1

I found this reference : https://www.safaribooksonline.com/library/view/regular-expressions-cookbook/9781449327453/ch05s07.html Is it possible to use it with kwicfunction in the quanteda package to be able to find documents in a corpus containing words that are not "stuck" but close to each other, with maybe a few other words between ?

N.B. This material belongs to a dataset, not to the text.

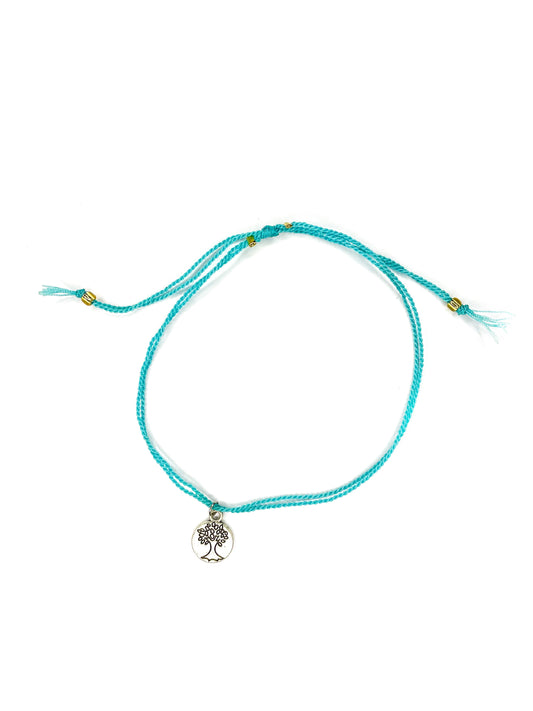 Anklet - blue string with tree charm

for example, if I give two words in the function, I would like to find the documents in a corpus where these two words occur but maybe with some words between. For example, you tell me "engine" and "electrical", I will also get the reports where "electrical synchronous engine" appears but not the ones in which "engine" and "electrical" appear in completely different contexts.

MysteryGuy
  • 1,091
  • 2
  • 18
  • 43
  • `kwic()` by definition finds the words surrounding a target word or phrase. Can you elaborate on what sort of search you want to execute, and what sort of end result you want? – Ken Benoit Apr 18 '18 at 20:44
  • @KenBenoit, for example, if I give two words in the function, I would like to find the documents in a corpus where these two words occur but maybe with some words between. For example, you tell me "engine" and "electrical", I will also get the reports where "electrical synchronous engine" appears but not the ones in which "engine" and "electrical" appear in completely different contexts. I hope it is clearer... – MysteryGuy Apr 19 '18 at 11:22
  • @KenBenoit I've just edited my question by the way – MysteryGuy Apr 19 '18 at 14:05
  • See https://stackoverflow.com/questions/49872839/logical-combinations-in-quanteda-dictionaries/49877254#comment86791171_49877254, same issue. Maybe Kohei can think up a workaround. – Ken Benoit Apr 19 '18 at 15:48

1 Answers1

1

quanteda does not have a NEAR operator, but you can do the same thing using window argument of tokens_select(). In this example, I am searching words five words from "america*" uisng kwic():

require(quanteda)
toks <- tokens(data_corpus_inaugural)
toks_america <- tokens_select(toks, "america*", window = 5)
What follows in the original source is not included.